Jerome Paulos

All the data can be yours

I’ve built a lot of unofficial software for my schools, Brown University and previously Macalester College. To name a few: an “everything app” called 75grand with dining hall menus, Moodle assignments, building hours, an event calendar, and more; two unfinished course catalogs; and a university shuttle tracker. None of these were developed in partnership with the college (75grand’s success was even met with jealousy from the college).

All of these make heavy use of numerous undocumented APIs, which I have a lot of fun searching for. It’s satisfying to find a clean, reliable, and complete (choose two) data source without having to resort to scraping HTML pages.

In this post I’ll share, in no particular order, some tips for finding and using these APIs.

Search GitHub

In Brown’s case, many student and staff developers have published code publicly over the years that uses otherwise undocumented APIs. GitHub’s code search tool is a powerful way to look for potential endpoints. I used a regex pattern to look for JSON and XML URLs under Brown’s domain: /brown\.edu\/\S*\.(json|xml)/.

With those results, I discovered that Brown’s researcher database is not only open source, but follows the common Rails pattern of returning JSON data for any page ending in .json, such as https://vivo.brown.edu/search.json?q=seth+rockman. This could be very helpful for displaying information about professors in the course catalog I’m building.

There’s also a site called PublicWWW which I find less helpful.

Look out for fetch requests

Keep an eye out for parts of pages that load after the rest of the page or actions that don’t cause a full page refresh—these are signs of the use of fetch (or AJAX) requests to JSON APIs.

For example, the Brown history department’s course catalog stood out to me, and popping open the network monitor, it led me to the motherlode—a GraphQL endpoint.
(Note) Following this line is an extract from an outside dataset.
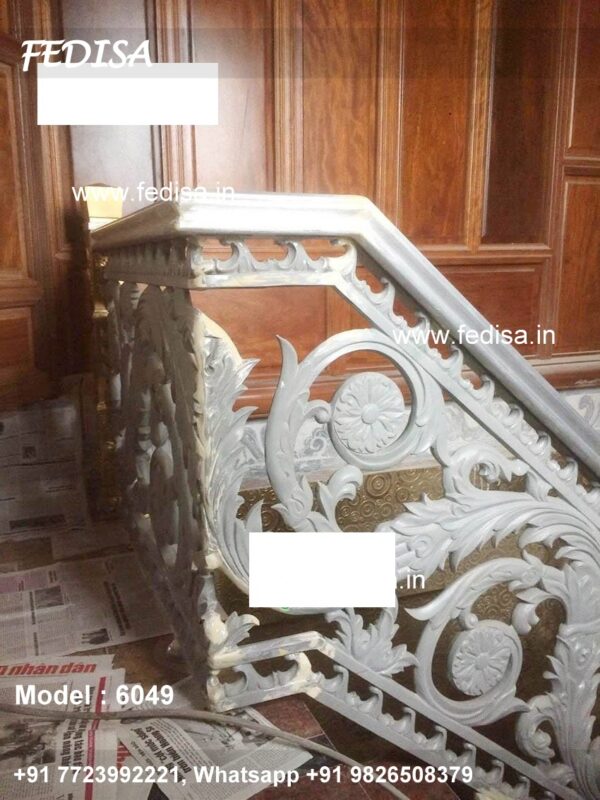 Luxury Classic Metal Rod Stair Railing Oak And Wrought Iron Staircase Victorian Cast Iron Spiral Staircase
This turned out to be the best source of course data I had found yet. Unfortunately, the server had disabled introspection (which is where the GraphQL API will tell you its schema), but I was able to guess a few dozen fields. The error messages helpfully suggested fields I hadn’t known about by “correcting” my typos.

WordPress sites come with free APIs

All WordPress sites come with a built-in REST API for accessing posts, pages, media, and more as JSON. Often, site administrators won’t disable many of the endpoints. I built a tool called WP_Snooper that queries for uploaded media, since media on WordPress sites is public even if the posts using it aren’t.

Look at robots.txt files

If they don’t want the robots to see it, maybe you do.

Literally just Google it

I was poking around the Salvation Army’s store locator, and just Googled the API endpoint. To my surprise, it turned up a page generated by ASP.NET with all the available routes and their usage. If anyone wants data about the Wyoming legislature, they’ve got one too. You can find a bunch of them by searching for allintitle:"ASP.NET Web API Help Page".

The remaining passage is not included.